====== Information shown

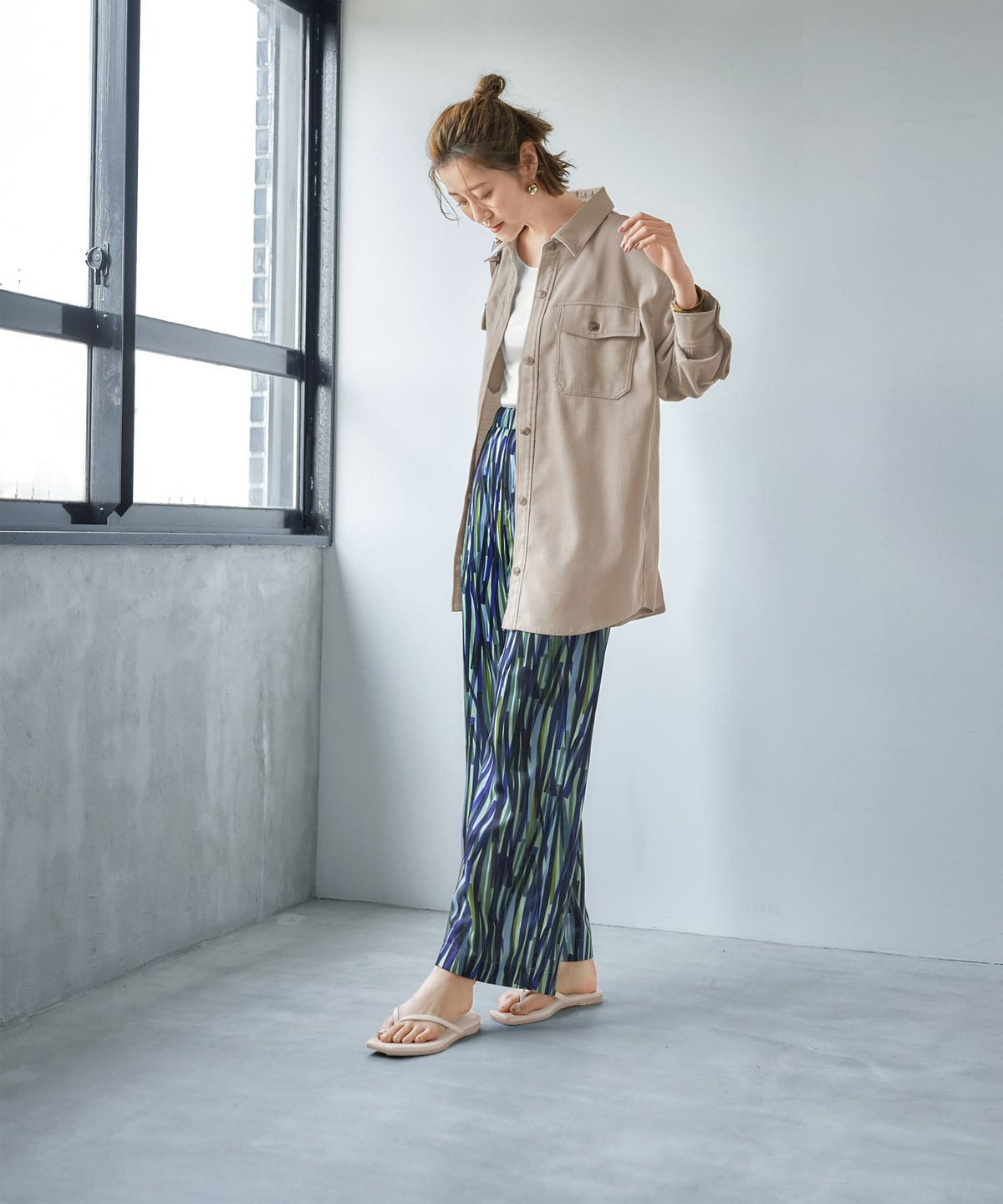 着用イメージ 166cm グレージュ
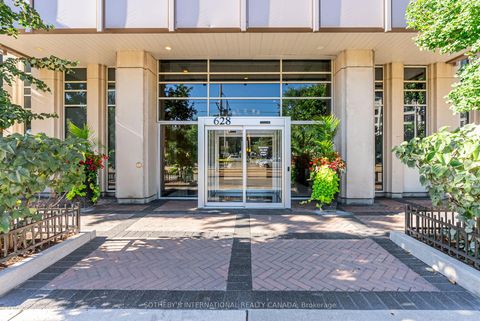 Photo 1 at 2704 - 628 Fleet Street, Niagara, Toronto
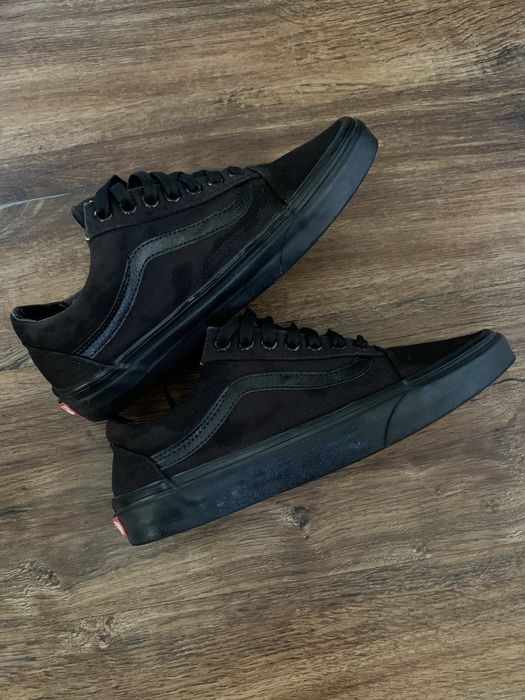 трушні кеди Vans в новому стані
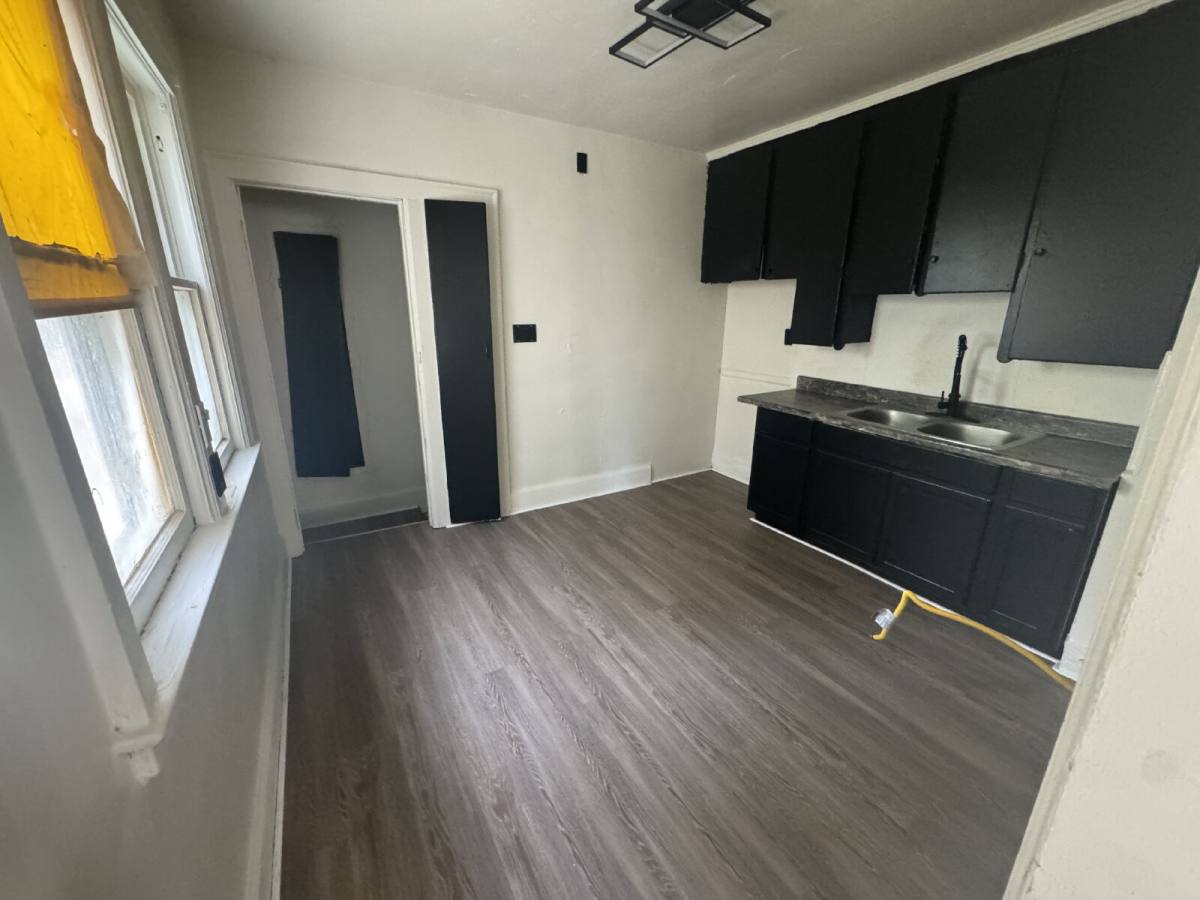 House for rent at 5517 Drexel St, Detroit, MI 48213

============

• [To do] What should appear is an exact reproduction of the lines from the one with "трушні кеди Vans в новому стані" through the end of the material above, and no pictures.

• [Your response]
 трушні кеди Vans в новому стані
 House for rent at 5517 Drexel St, Detroit, MI 48213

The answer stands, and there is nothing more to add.